### WHAT YOU ARE ASKED TO DO
The reply is to be an exact repetition of the entries that follow, with each picture left out.

-------- EXERCISE INPUTS

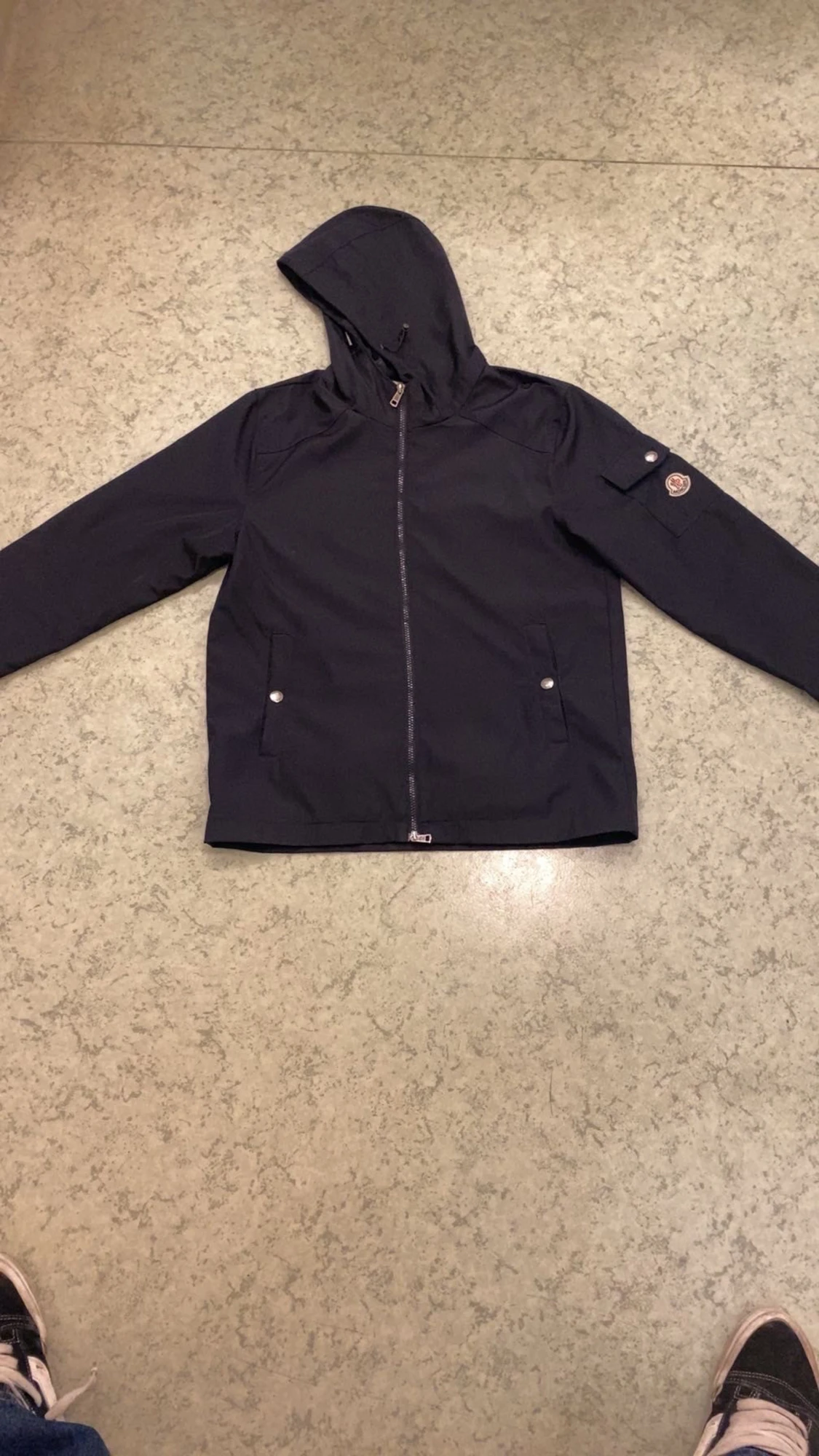 Mörk blå vinterjacka från Moncler med huva  - 1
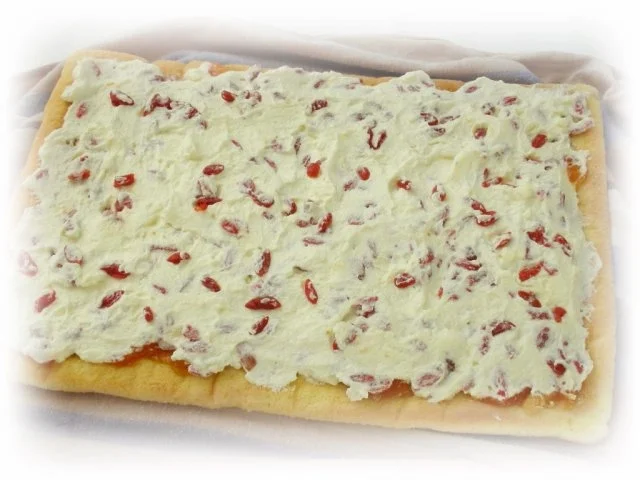 Bisquitrolle mit Goji-Beeren und Sahne - Rezept - Bild Nr. 17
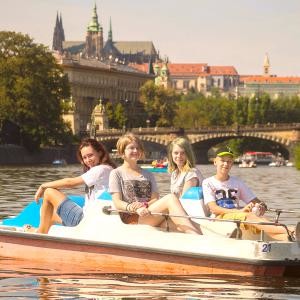 Летний лагерь + Экскурсии по компаниям Праги (vip-программа)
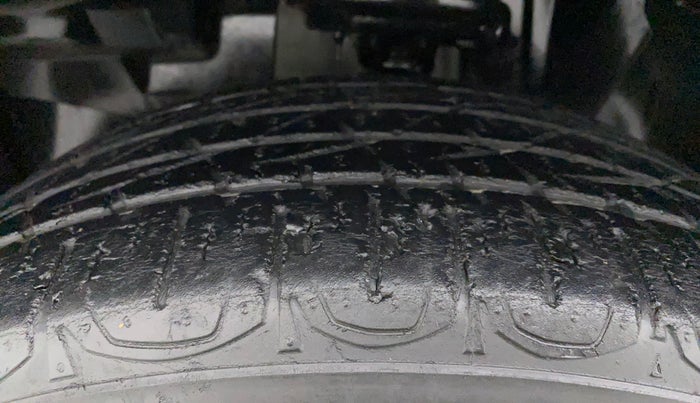 2017 Jeep Compass LIMITED 1.4 PETROL AT, Petrol, Automatic, 45,343 km, Left Front Tyre Tread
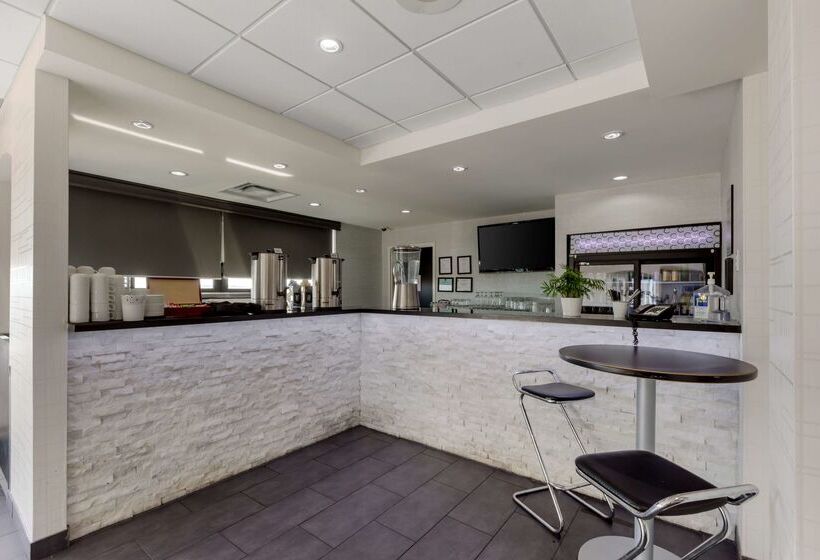 C Hotel By Carmen S, Bw Premier Collection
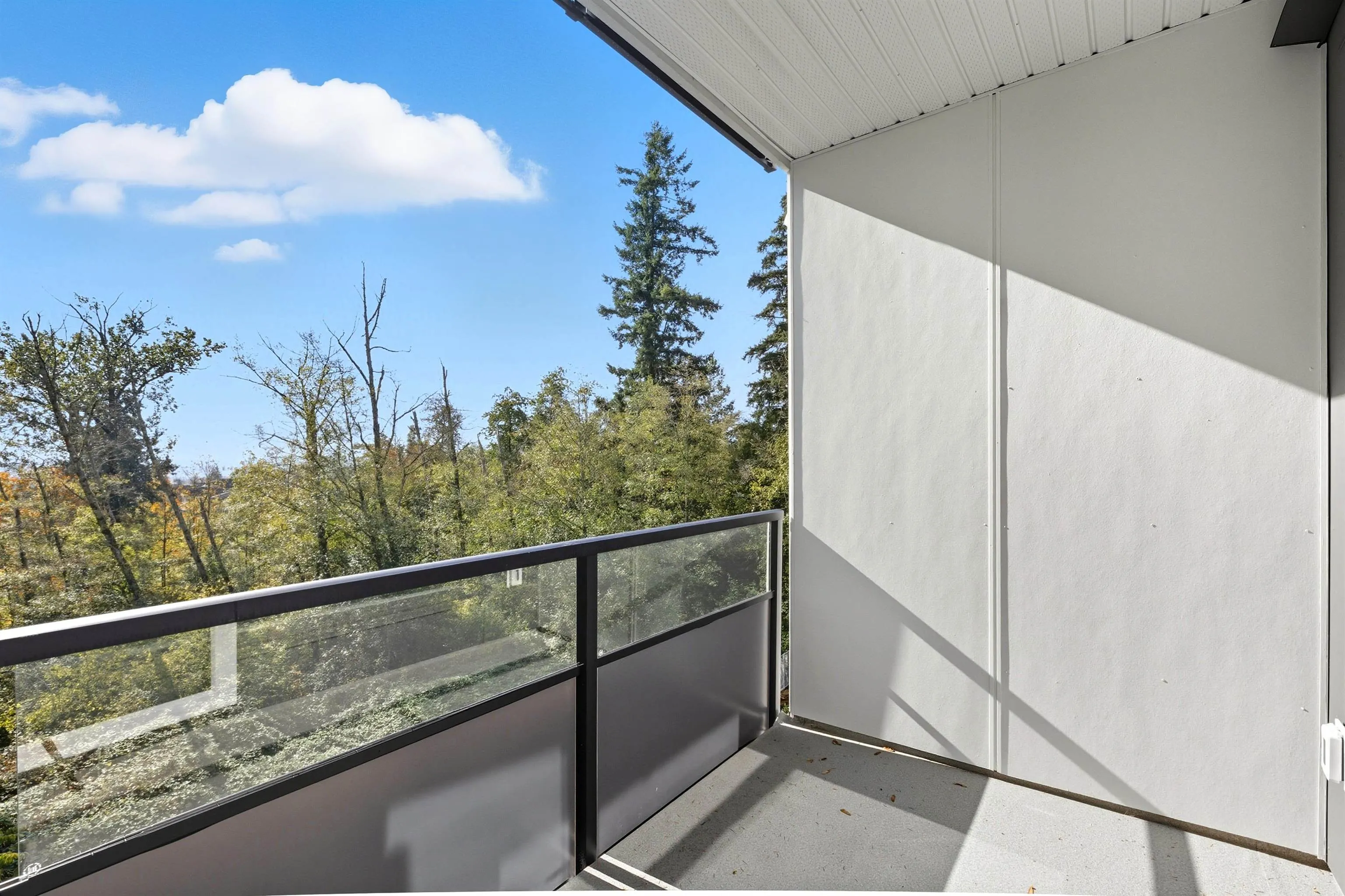 517 19577 65b Avenue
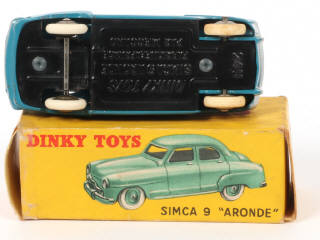 Lot 218 - DINKY TOYS (FRANCE) (1)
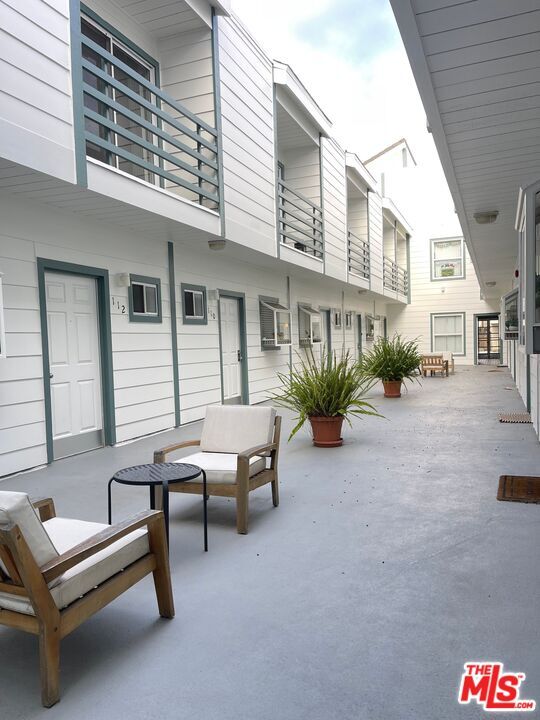 Property Photo:  11738 Mayfield  CA 90049 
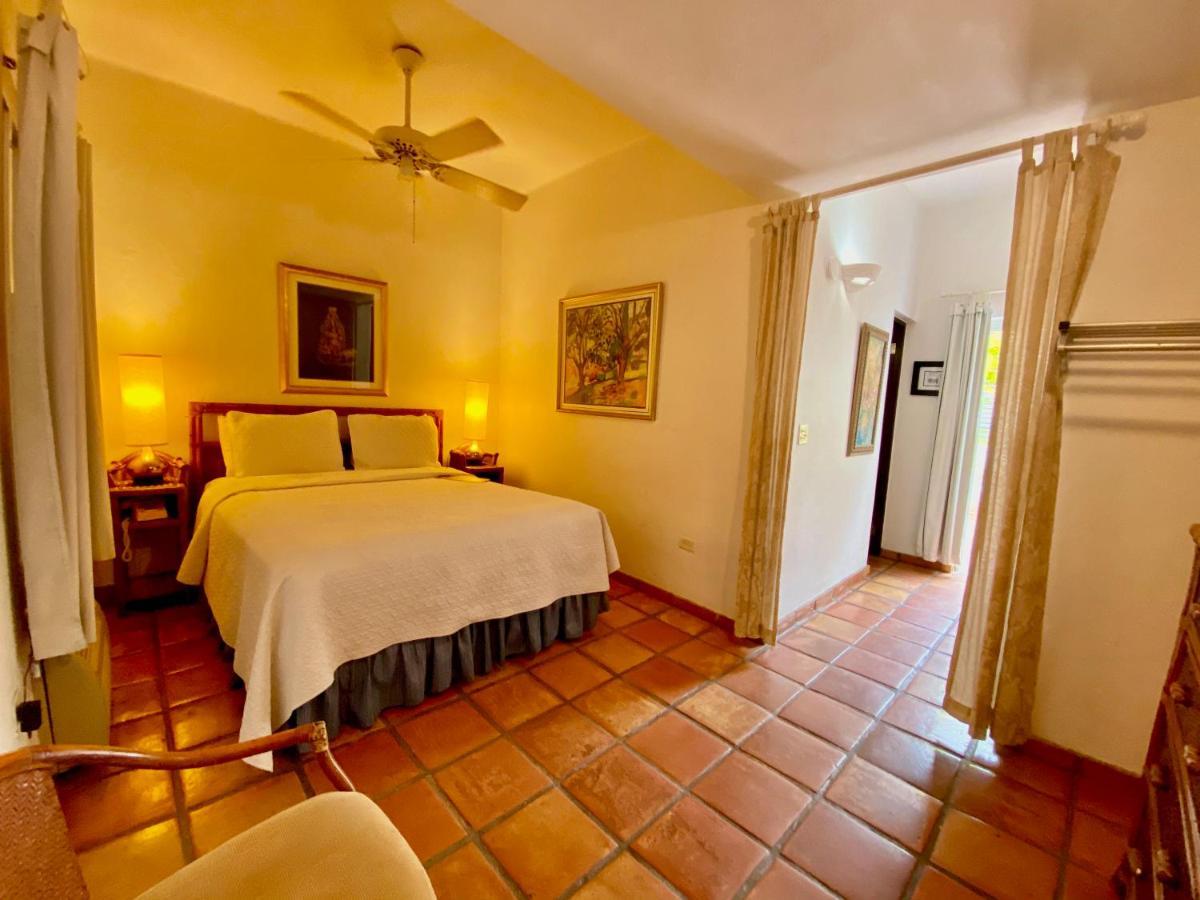 At Wind Chimes Boutique Hotel Сан-Хуан Екстер'єр фото
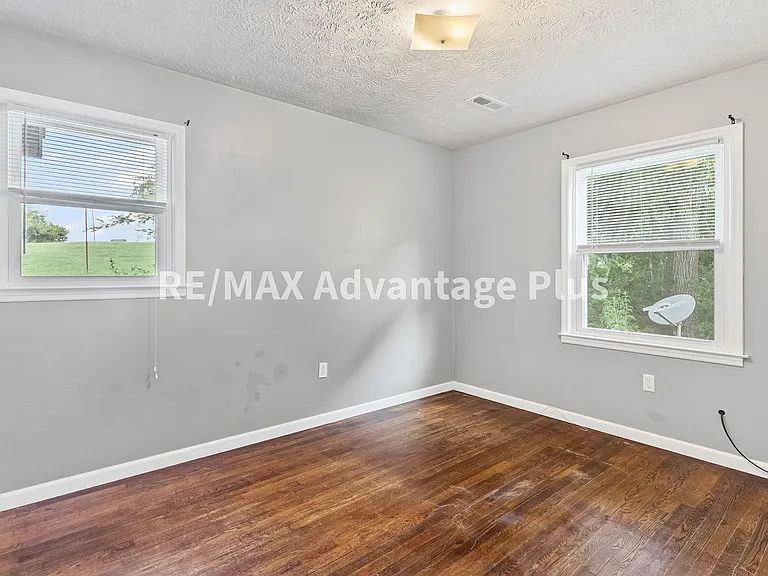 200 Gross St — Photo 22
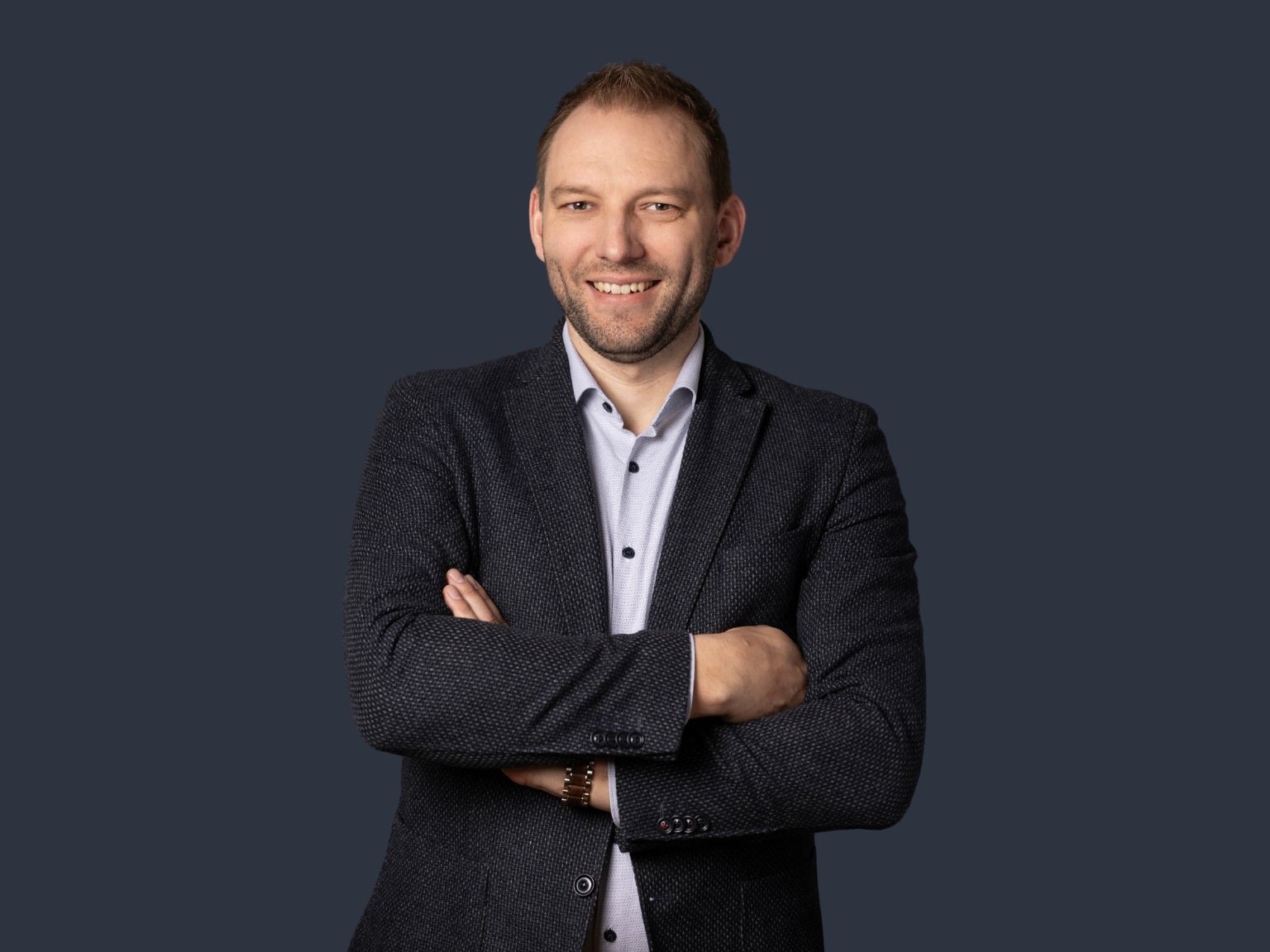 Geschäftsführer Tobias Breder lächelt in die Kamera.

----------------

### ANSWER BELOW
 Mörk blå vinterjacka från Moncler med huva  - 1
 Bisquitrolle mit Goji-Beeren und Sahne - Rezept - Bild Nr. 17
 Летний лагерь + Экскурсии по компаниям Праги (vip-программа)
 2017 Jeep Compass LIMITED 1.4 PETROL AT, Petrol, Automatic, 45,343 km, Left Front Tyre Tread
 C Hotel By Carmen S, Bw Premier Collection
 517 19577 65b Avenue
 Lot 218 - DINKY TOYS (FRANCE) (1)
 Property Photo:  11738 Mayfield  CA 90049 
 At Wind Chimes Boutique Hotel Сан-Хуан Екстер'єр фото
 200 Gross St — Photo 22
 Geschäftsführer Tobias Breder lächelt in die Kamera.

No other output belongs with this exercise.